§ **Task prompt**: Your reply should reproduce each line below exactly and carry none of the pictures.

§ **Recorded data**:
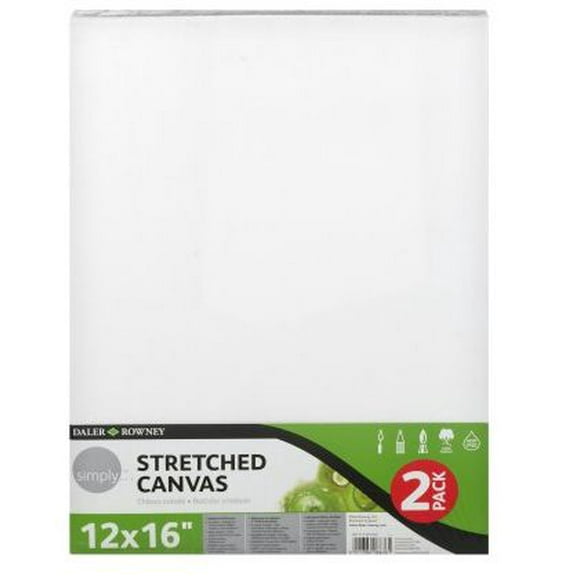 Daler-Rowney Simply Stretched Canvas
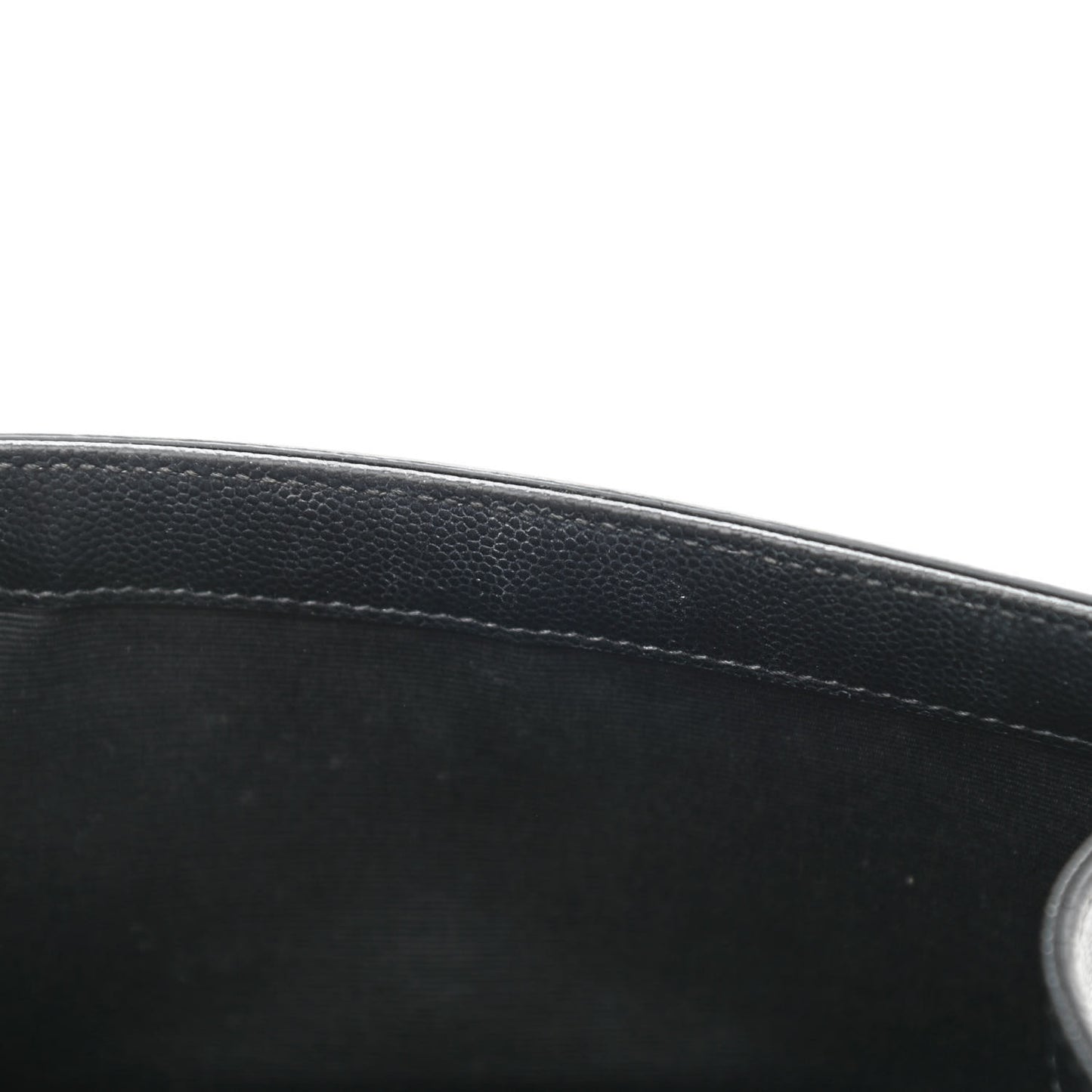 Grain De Poudre Small Monogram Kate Satchel Black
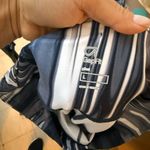 Gap Fit GFast Chrome Gray Marble 7/8 Leggings Photo 4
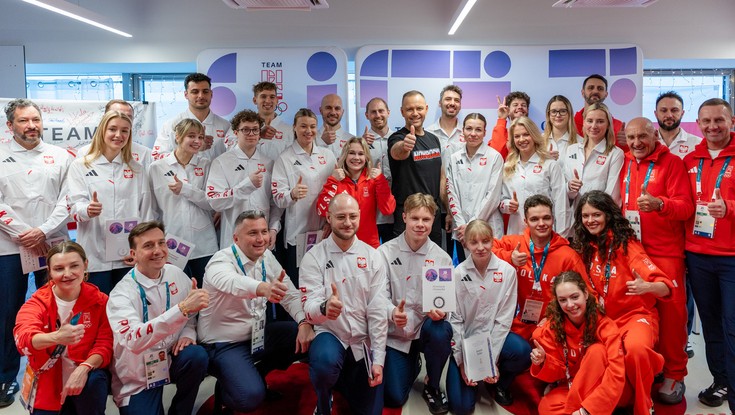 Prezydent złamał prawo olimpijskie. Promowanie gadżetów może zaszkodzić sportowcom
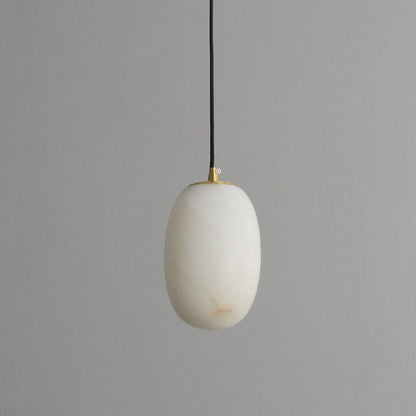 Alabaster Bedside Pendant Light - thebelacan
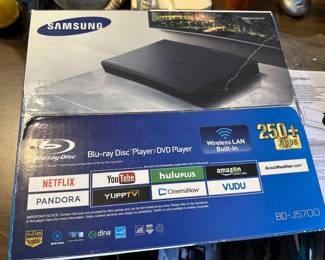 Samsung Blu-ray new in box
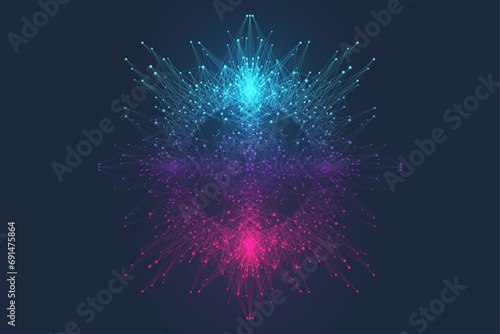 Block chain transfer satellite future communications. Abstract technology cloud world. Global network fin tech concept vector background. Digital block chain communications.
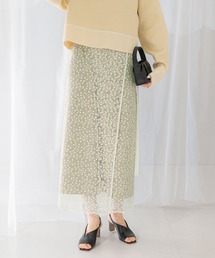 URBAN RESEARCH ROSSO WOMEN | フラワースパンコールレーススカート(スカート)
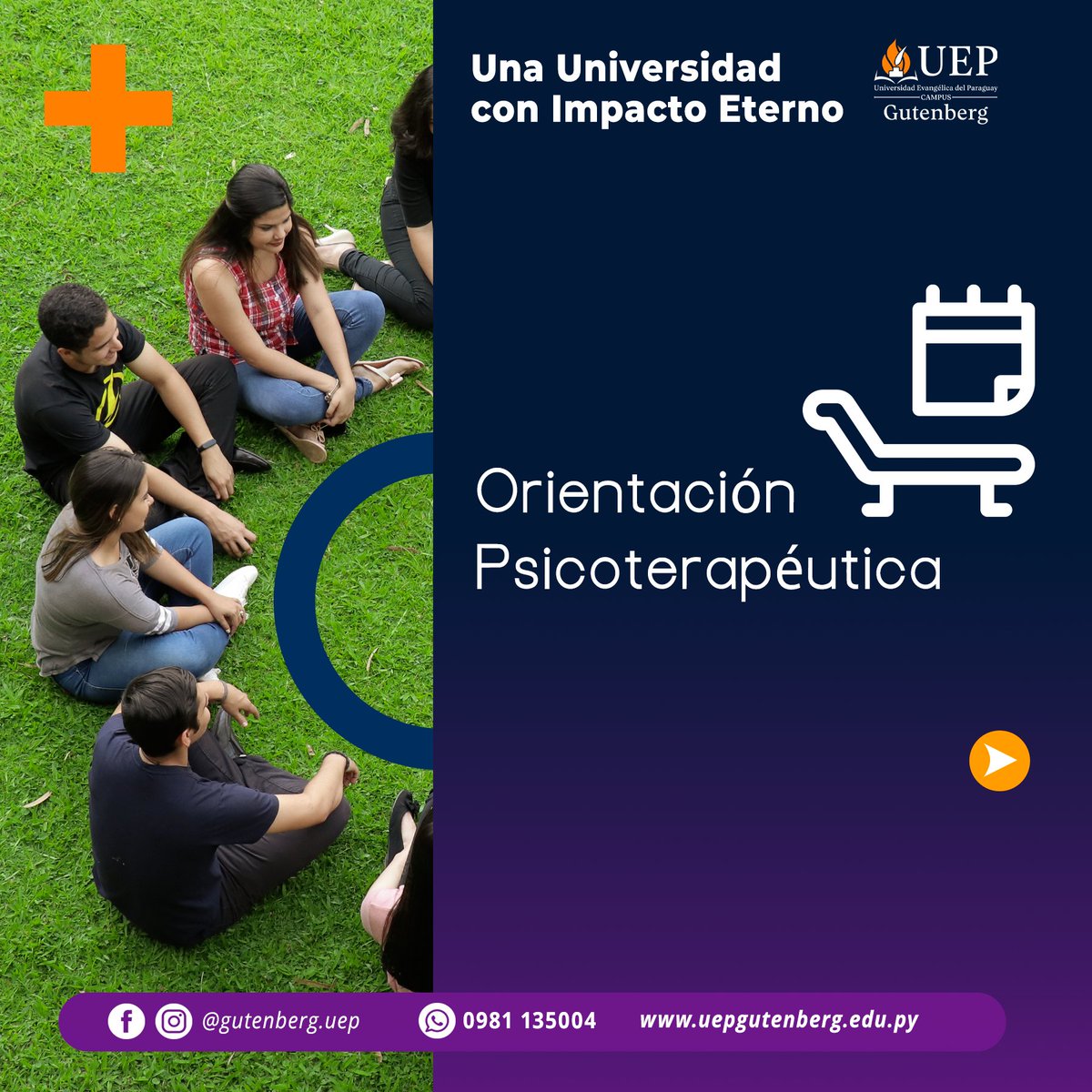 gutenberguep's tweet photo. 📣 CONVOCATORIA 2024 habilitada 📣

💪 Somos una Universidad con #ImpactoEterno 💥

📲 Escribinos al whatsapp: https://t.co/PFqASbrstq
🔗 Visitá nuestra web: https://t.co/gRwlPlot7W

#educacion #licenciaturas https://t.co/I7c5OIe8Wv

§ **Answer**:
 Daler-Rowney Simply Stretched Canvas
 Grain De Poudre Small Monogram Kate Satchel Black
 Gap Fit GFast Chrome Gray Marble 7/8 Leggings Photo 4
 Prezydent złamał prawo olimpijskie. Promowanie gadżetów może zaszkodzić sportowcom
 Alabaster Bedside Pendant Light - thebelacan
 Samsung Blu-ray new in box
 Block chain transfer satellite future communications. Abstract technology cloud world. Global network fin tech concept vector background. Digital block chain communications.
 URBAN RESEARCH ROSSO WOMEN | フラワースパンコールレーススカート(スカート)
 gutenberguep's tweet photo. 📣 CONVOCATORIA 2024 habilitada 📣

💪 Somos una Universidad con #ImpactoEterno 💥

📲 Escribinos al whatsapp: https://t.co/PFqASbrstq
🔗 Visitá nuestra web: https://t.co/gRwlPlot7W

#educacion #licenciaturas https://t.co/I7c5OIe8Wv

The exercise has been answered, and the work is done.